Health and environmental effects

Since the 1980s, scientists from Adelaide University have been investigating the relationship between occupational exposure to radon progeny and rates of lung cancer in uranium mine workers. Incidences were calculated using death registers and by interviewing surviving miners. A total of 2,574 former mine workers with lung cancer were identified. Exposure was estimated from historical records of radon gas concentrations in the mine. Among the miners traced until the end of 1987, lung cancer mortality was significantly elevated, compared to the average population in Australia (standardized mortality ratio of 1.94). Compared to open-pit miners, lung cancer mortality was markedly increased among underground miners, particularly those with long-time exposure to radioactive substances. Miners with more than 40 year of occupational exposure showed a five-fold increase, while miners with 10–40 years of occupational exposure showed a two-fold increase in the risk for lung cancer, assuming an arbitrary average of 170 hours of radiation exposure per year – the so-called “working level month” or WLM.

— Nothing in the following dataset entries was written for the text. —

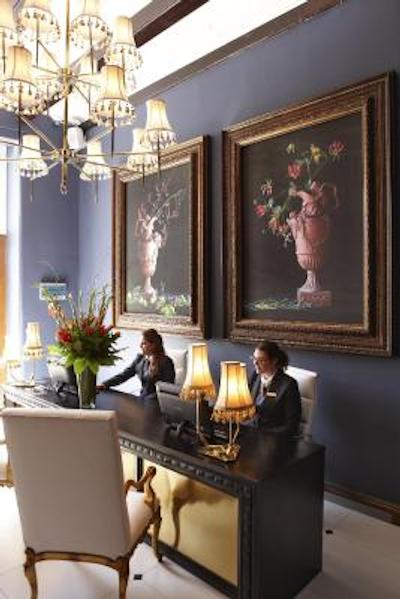 د آلفن بوتیک هتل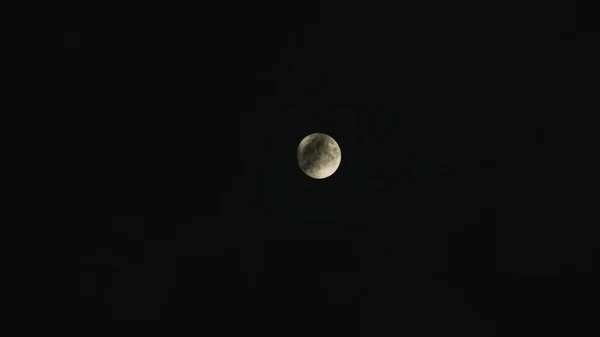 Bulutlu bir günde moon — Stok fotoğraf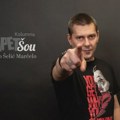 Kontramen, junak sebi samom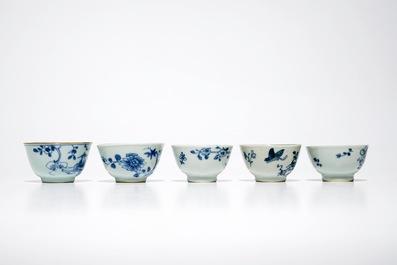 Vijftien sets Chinese blauwwitte koppen en schotels, Kangxi/Qianlong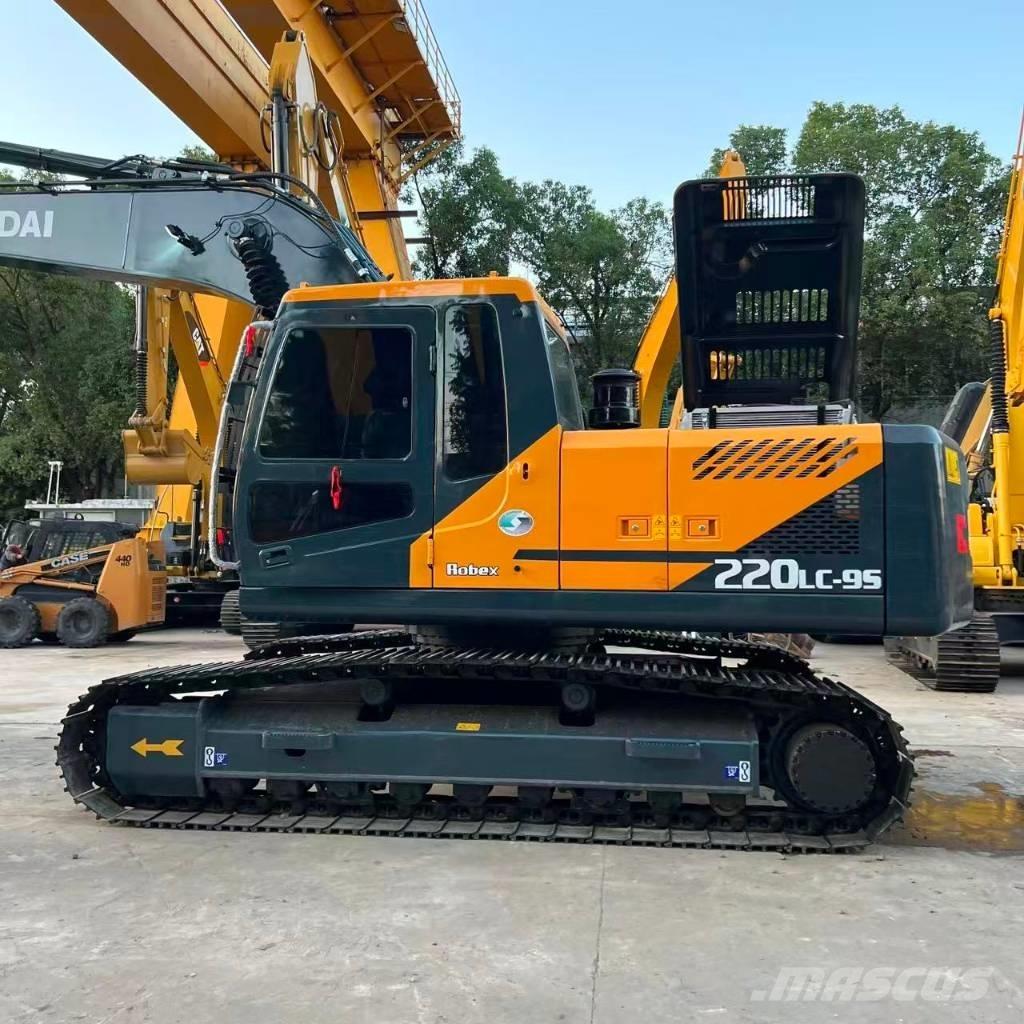 Hyundai 220LC-9S Mini rýpadla < 7t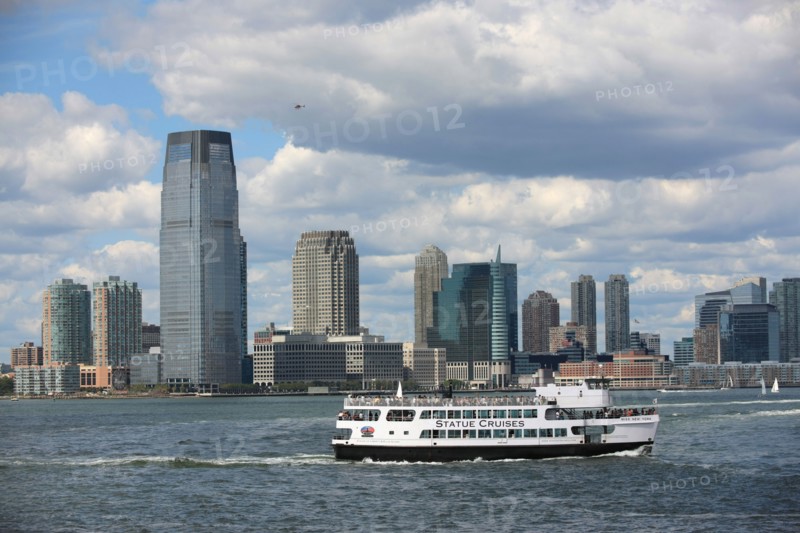 usa, etat de New York, New York City, Manhattan, financial district, pointe de Manhattan, ferry pour Staten Island, buildings, baie, bateaux, statue de la liberte, Bartholdi,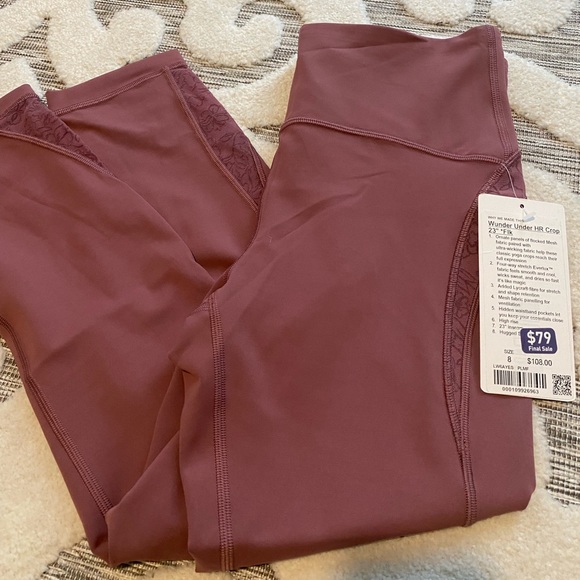 Lululemon New Size 8 Wunder Under Crop. Check out all my Lulu! - Picture 1 of 2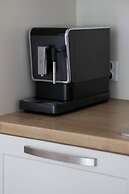 Apartment With Parking by Renters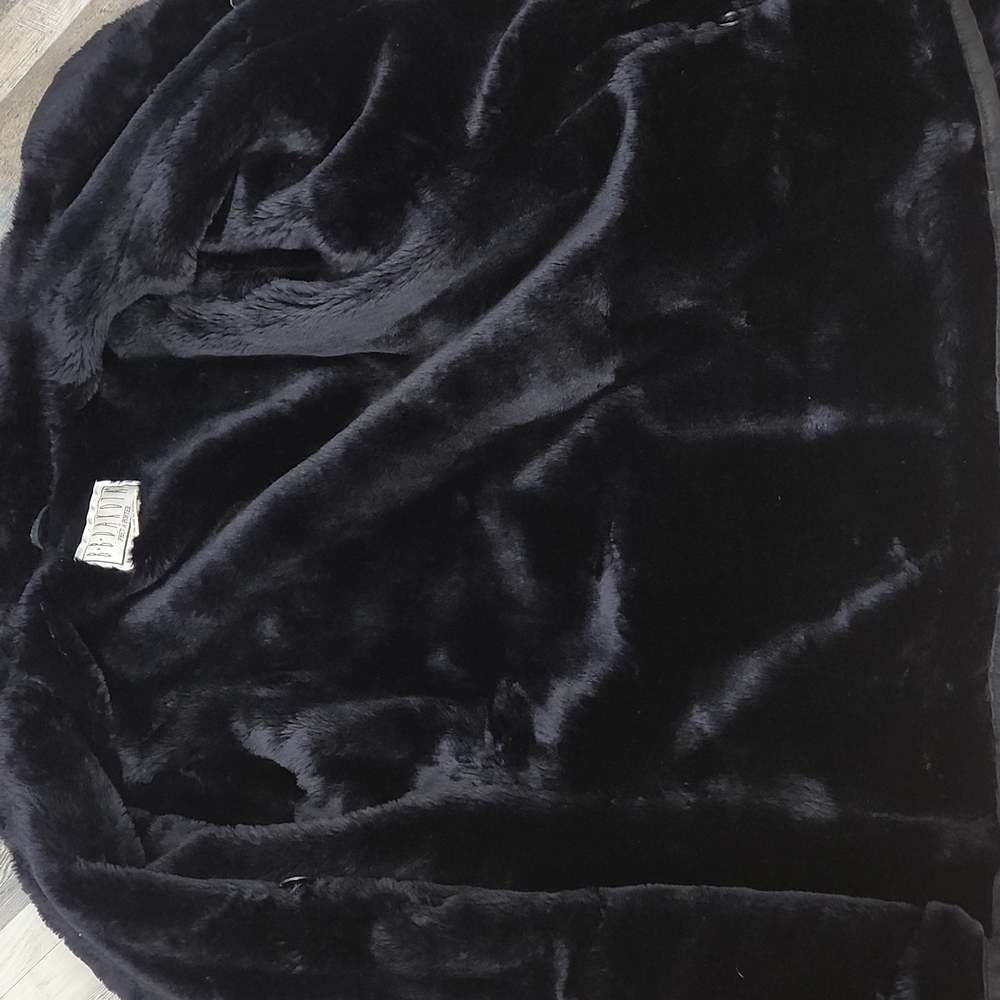 B.B. Dakota Prêt-à-Porter Black Leather Faux Fur Trim Coat - Picture 11 of 12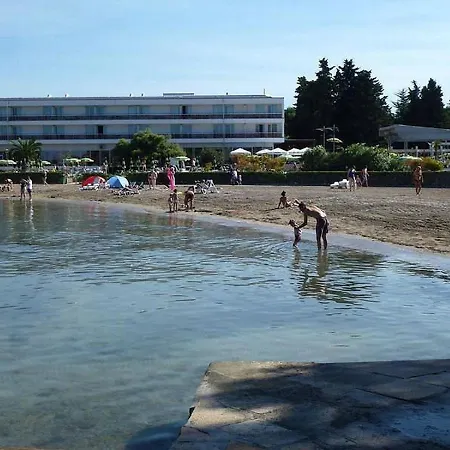 Διαμέρισμα Comfortable Close To The *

Uranium mining presented a public health problem not only for the miners, but for the entire local population. Radioactive mine tailings contaminated large parts of the region, as they were not properly secured from wind or erosion. In 2006, radiation measurements near the tailings were still as high as 0.94 mSv/h – more than 3,000 times natural background radiation of 0.0003 mSv/h. Also, radioactive isotopes such as thorium, rubidium and uranium have been found in local soils, especially in the most affected regions towards the south, where the city of Adelaide is located, 460 km away.

Outlook

While uranium mining was halted at Radium Hill in 1961 and no more radioactive waste has been deposited there since 1998, the entire site remains a radioactive danger zone, with tailings and waste rock not properly secured from erosion and dispersion. To this day, no proper epidemiological studies have been undertaken to investigate the health effects of uranium mining and the radioactive contamination of the region. The people, whose health has been compromised for the production of nuclear weapons, they are also Hibakusha.